Task brief –
Starting with the line that contains "عطر زنانه ۳۵", copy each line exactly through the end of the listing, and omit all pictures.

Provided information –
--
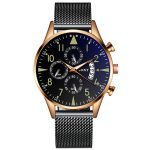 Montre bracelet à Quartz lumineux SOXY hommes montres classique calendrier hommes affaires acier montre relogio masculino populaire saati heures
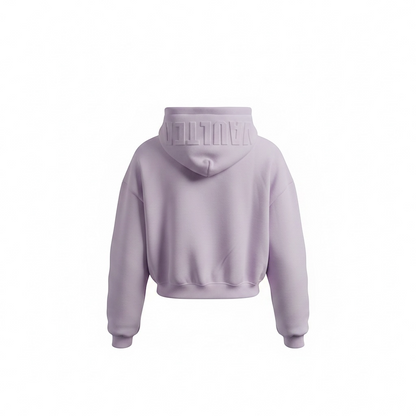 Luna Zip Hoodie Zip Hoodie | Premium Oversized Athlete Hoodie | VAULTED Athlete
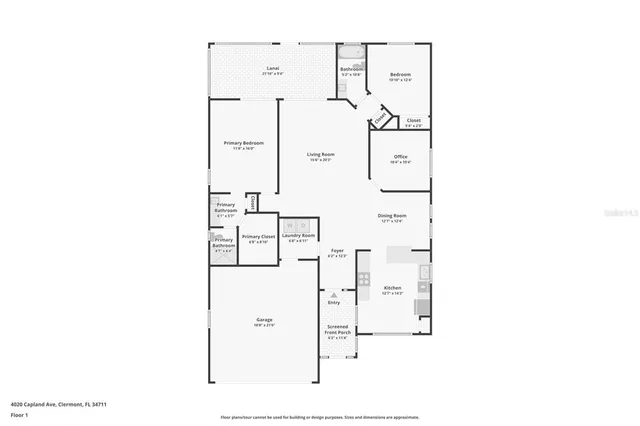 $339,000 | 4020 Capland Avenue, Clermont, FL 34711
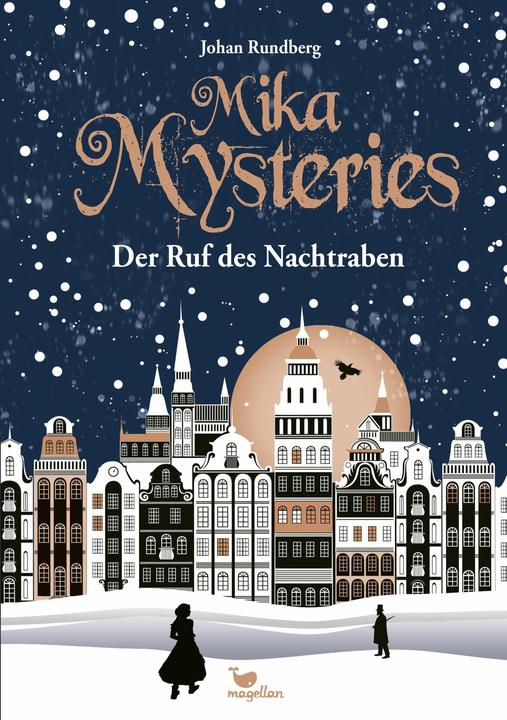 Actual product image Mika Mysteries - Der Ruf des Nachtraben (German, Franziska Hüther, Johan Rundberg, 2025)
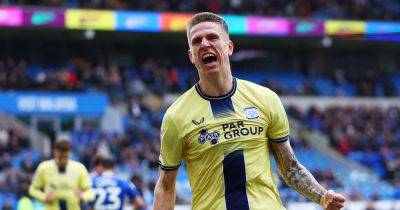 Cardiff City 0-2 Preston North End: Bluebirds fall to third home defeat in a row after first-half goals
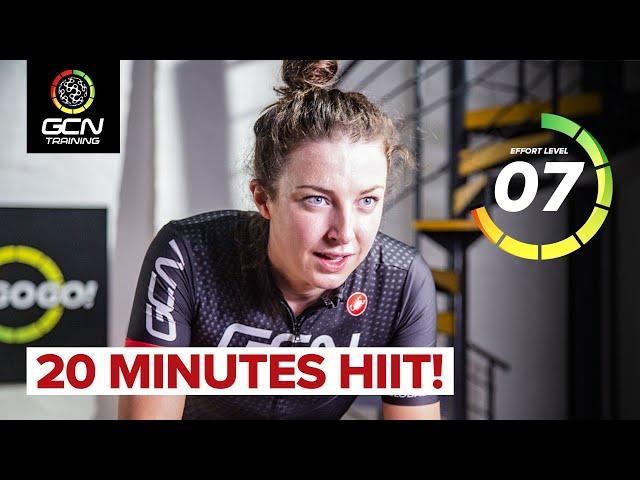 20 Minutes HIIT Feel The Burn! | Indoor Cycling Workout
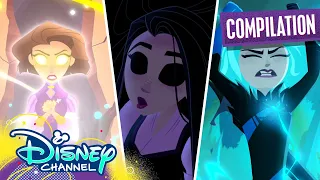 every incantation compilation rapunzels tangled adventure disneychannelanimation
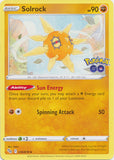 Solrock 039/078 Uncommon Pokemon GO Pokemon TCG - guardiangamingtcgs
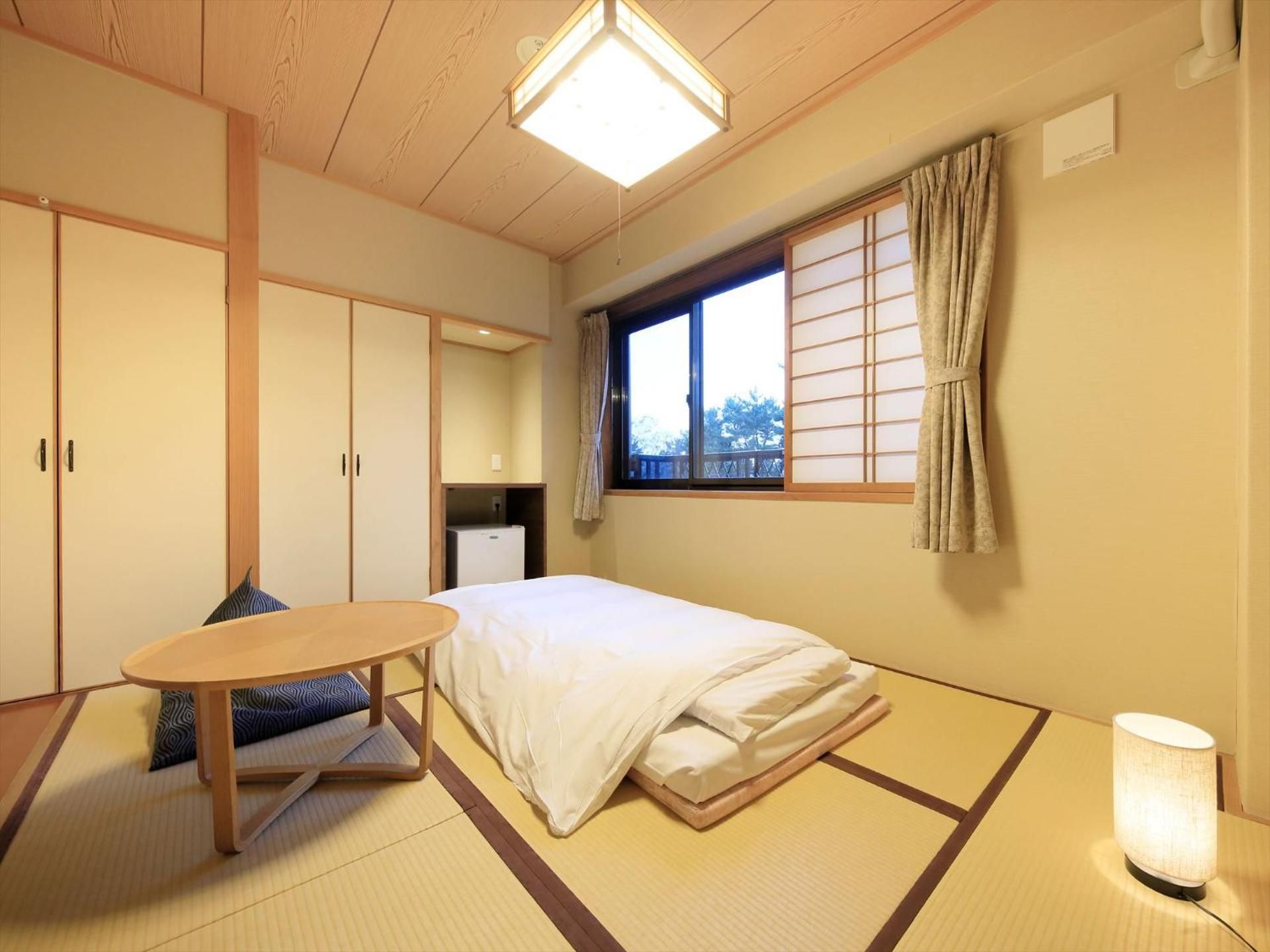 Japanese-Style Room With Ocean View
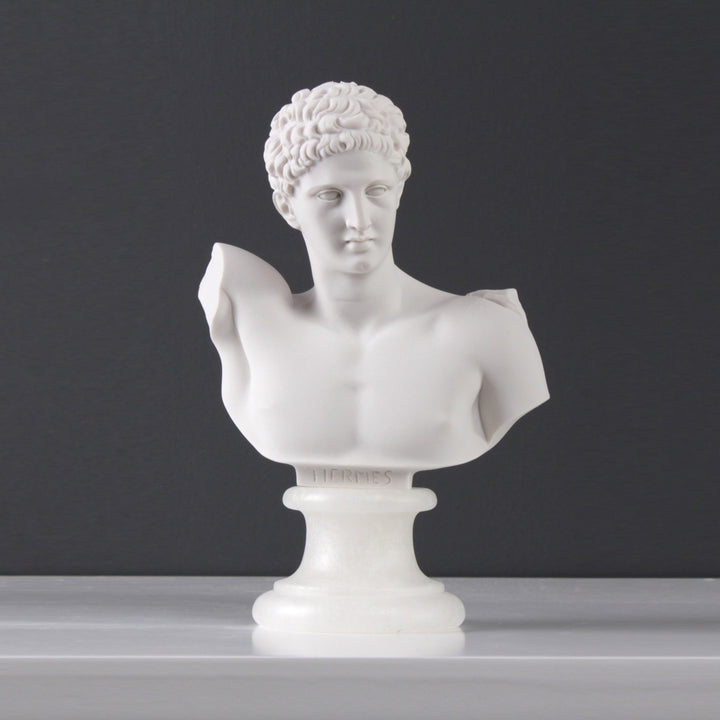 Hermes Büste Statue (Klein)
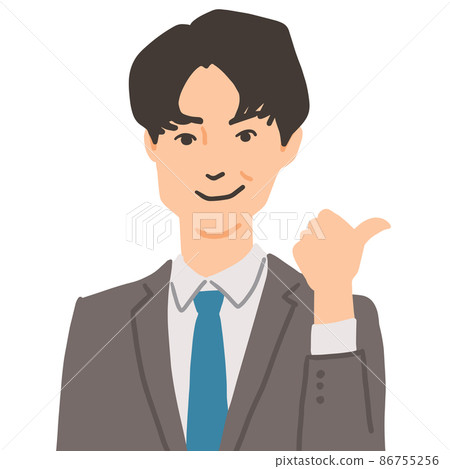 Young man likes 86755256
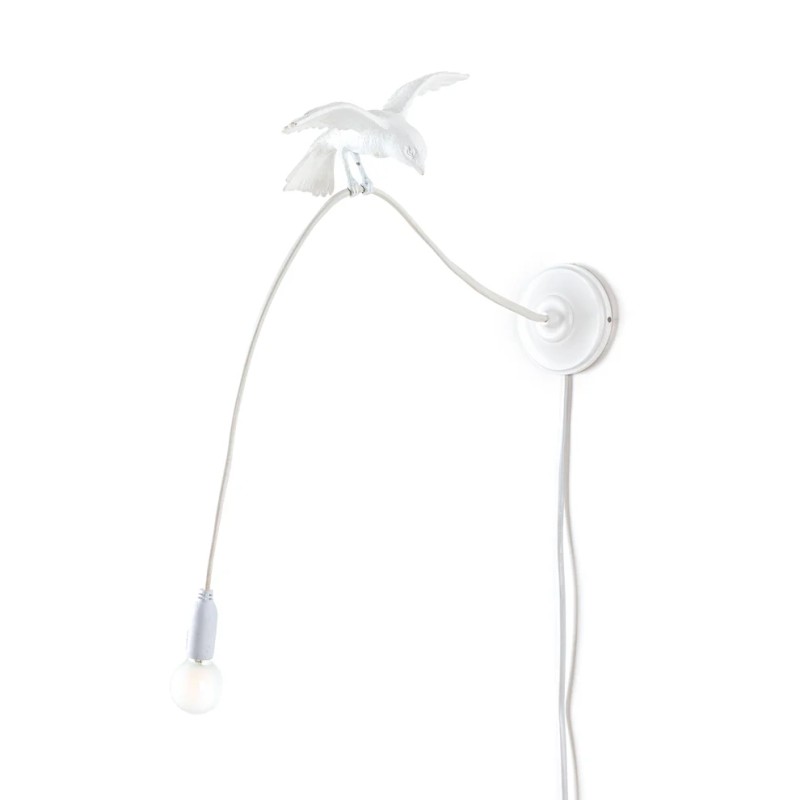 SELETTI Lampada "Sparrow" da Parete - Volando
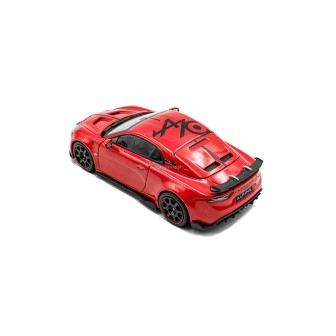ALPINE A110 RADICALE 70" SOLIDO 4317203 ESCALA 1/43"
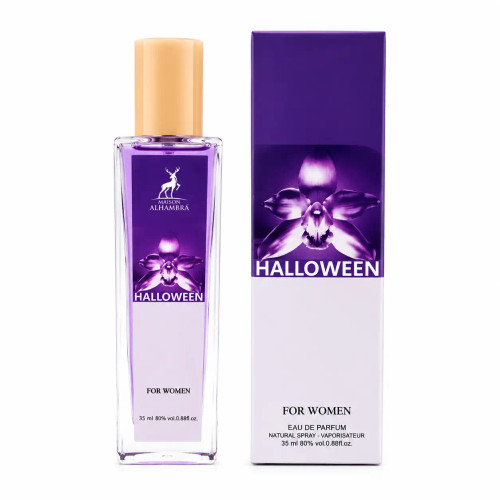 عطر زنانه ۳۵ میل الحمبرا مدل هالووین(Alhambra Halloween)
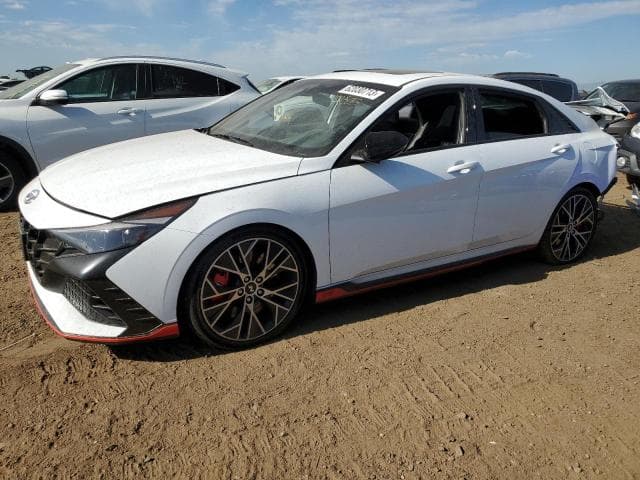 2023 Hyundai Elantra N Salvage Car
--
Response –
 عطر زنانه ۳۵ میل الحمبرا مدل هالووین(Alhambra Halloween)
 2023 Hyundai Elantra N Salvage Car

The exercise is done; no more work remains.